(Records from a data collection)
━━━━
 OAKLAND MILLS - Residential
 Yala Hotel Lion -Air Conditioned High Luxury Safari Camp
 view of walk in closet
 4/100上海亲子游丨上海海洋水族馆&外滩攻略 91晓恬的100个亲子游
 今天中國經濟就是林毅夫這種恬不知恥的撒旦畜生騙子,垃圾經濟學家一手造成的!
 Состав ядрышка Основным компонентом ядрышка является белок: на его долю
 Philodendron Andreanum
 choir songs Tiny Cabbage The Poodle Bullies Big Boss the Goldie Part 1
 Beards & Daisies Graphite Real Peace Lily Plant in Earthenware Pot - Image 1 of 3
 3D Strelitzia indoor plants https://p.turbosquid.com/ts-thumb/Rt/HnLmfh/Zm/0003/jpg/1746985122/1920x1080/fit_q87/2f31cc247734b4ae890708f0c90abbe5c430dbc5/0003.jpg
━━━━
The lines above, starting at the one with "今天中國經濟就是林毅夫這種恬不知恥的撒旦畜生騙子,垃圾經濟學家一手造成的!" and ending at the one with "choir songs Tiny", are the only ones to return, exactly as written.

OUTPUT ->
 今天中國經濟就是林毅夫這種恬不知恥的撒旦畜生騙子,垃圾經濟學家一手造成的!
 Состав ядрышка Основным компонентом ядрышка является белок: на его долю
 Philodendron Andreanum
 choir songs Tiny Cabbage The Poodle Bullies Big Boss the Goldie Part 1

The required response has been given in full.